Faz sentido. Se o Evangelho, de cujo anúncio a Igreja é encarregada e portadora, pretende instaurar o Reino da paz e da justiça, a luta política, por uma polis onde reine o bem e de onde a corrupção esteja cada vez mais banida e extraditada deve ser um componente constitutivo e constante.
O projeto proíbe que políticos que já tenham uma condenação em processo proposto pelo Ministério Público disputem eleições. A regra valerá para condenações em segunda instância por crimes graves, tais como corrupção, desvio de verba pública, tráfico de drogas, homicídio e estupro. “O objetivo da sociedade brasileira, expressada nesse projeto de iniciativa popular, é realizar profundas mudanças no cenário eleitoral, permitindo que, cada vez mais, a política seja identificada como uma atribuição para pessoas de bem”, explicou Marlon Reis, do Movimento Nacional de Combate à Corrupção Eleitoral.
Como suspira e deseja o Brasil chegar a esse ponto em que a política seja, de fato, o exercício da arte de praticar o bem, de administrar harmoniosamente os bens da criação e exercer o poder como serviço da justiça e da paz. Os últimos e lamentáveis episódios que afogaram o Senado – que deveria ser a mais respeitável das casas – num mar de lama inimaginável e lamentável colocaram esse ideal a uma distância aparentemente inalcançável.
Há um travo amargo e descrente na boca de cada brasileiro que vê seu país mergulhar cada vez mais fundo no descrédito feito de irresponsáveis e nefastos conluios e a cada dia desperta lendo nos jornais uma notícia mais hedionda de novas catástrofes éticas, não sabendo mais em quem confiar, para onde dirigir seu voto, a quem encarregar de governar seu país.

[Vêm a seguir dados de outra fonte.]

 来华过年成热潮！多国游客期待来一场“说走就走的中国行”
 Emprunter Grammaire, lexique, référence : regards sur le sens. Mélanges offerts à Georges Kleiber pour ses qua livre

A notícia de que o projeto da ficha limpa conseguiu recolher mais de um milhão de assinaturas é alentadora e refrescante como a brisa suave de que fala a Bíblia judaica que sinalizava a presença de Deus para o profeta Elias. O ar se purifica, respira-se melhor, os olhos voltam a brilhar. Faz bem sabermos que a sociedade civil não está totalmente passiva e abúlica, resignada a deixar-se afogar em lama e podridão. E que a Igreja volta a assumir seu papel profético no seio dessa sociedade.
Mas, não vamos negar, faz mais bem ainda ver os cidadãos comuns, simples, os eleitores, trabalhadores, pessoas honestas e honradas que só têm por si sua dignidade e sua honestidade, se levantando e clamando por seus direitos, com esforço e sacrifício. Vamos admitir: é de arrepiar ouvir o comovente depoimento de Arimatéia Dantas, do Piauí, que dá bem a medida do que foi essa mobilização voluntária: “Nós percorremos o calor do Piauí, e era um sofrimento, tinha lugares que só tinha mandacaru e a gente colhendo assinaturas”.
Como no xote de Luis Gonzaga, “mandacaru quando ‘fulora’ na seca é sinal que a chuva chega no sertão”. Só tinha mandacaru, mas mandacaru floresceu com a chegada dos voluntários que colhiam assinaturas porque acreditam que o Brasil pode mudar e ser governado por políticos de ficha limpa. Ave Arimatéia, Dom Dimas e todos que levaram adiante essa campanha. E esperemos que o Congresso esteja à altura e colabore nessa floração tão desejada e esperada.